RALEIGH, N.C. (WTVD) -- When it comes to the race for Wake County Sheriff, immigration enforcement carries the conversation for Latino Voters.
Paola Rodriguez with Enlace Latino NC described it as one of the most important issues of this race. It was the main topic at a political forum Wednesday night, hosted by El Centro Hispano and Enlace Latino NC. She said the forum allowed voters to hear from the candidates vying for the position.
"We tend to associate Latinos with like fear? But we want to understand, and let them understand what the real role of the sheriffs are," Rodriguez said.
Democratic Candidate Willie Rowe and Republican Donnie Harrison answered a range of questions from school and public safety to the controversial 287-G program. The program allowed deputies to act as federal immigration agents, screening the immigration status of people in county jails.
Rowe, reaffirmed his position to not reinstate the program, and Harrison also agreed to not bring the program back, which is a change of heart from his previous term as sheriff.

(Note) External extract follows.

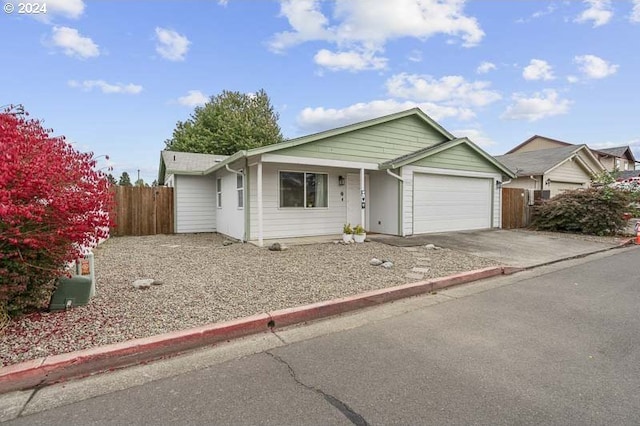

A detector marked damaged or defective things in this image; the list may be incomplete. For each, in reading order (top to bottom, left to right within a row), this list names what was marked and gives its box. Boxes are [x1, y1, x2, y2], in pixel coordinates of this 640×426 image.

crack in pavement [264, 352, 368, 424]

"We want to know a little bit of more information about what is going on. And why did he switch? We want to also understand a little bit more about this program," said Rodriguez.
Rowe told voters Wednesday night that 287-G was not an effective program.
"It hasn't been productive in removing the most dangerous people from our community. So, we need a plan that's going to really address threats, not focus so much on immigration, but focus on criminal conduct, and build relationships with all our communities," explained Rowe.
Harrison called the program obsolete. He said he would rely on the background check technology at the city-county bureau of investigations.
"287 -G is gone. I did my homework before I decided to run. It is gone," said Harrison. "I made a ton of phone calls and they're not taking any applications to 287-G. Not even using two at 287-G. So, I checked with CCBI and other places, because what I'm trying to do is make sure that no person wanted gets out of jail that's wanted, keeping the dangerous people in jail."
Candidates also shared their plans for school safety. Parents said, the deadly school shooting in Uvalde, Texas remains top of mind.
"I'm doing my homework, now," said Harrison. "I've got a team of people just working with me on training, mental health, everything that I can think of. I've been there, I've done it."
Rowe described his approach to school safety.
"I think if we examine the threats that are happening, they don't originate from any school, they come from outside and come in. So, I think we need to address the threat outside. And once I talked with all the stakeholders, we make a determination, do we need SROs inside the school or out? I prefer my officers to be outside of school at a point of entry," Rowe said.
Wednesday night's forum was the first of several political forums scheduled to address the concerns of the Latino community ahead of the November 22 midterm elections.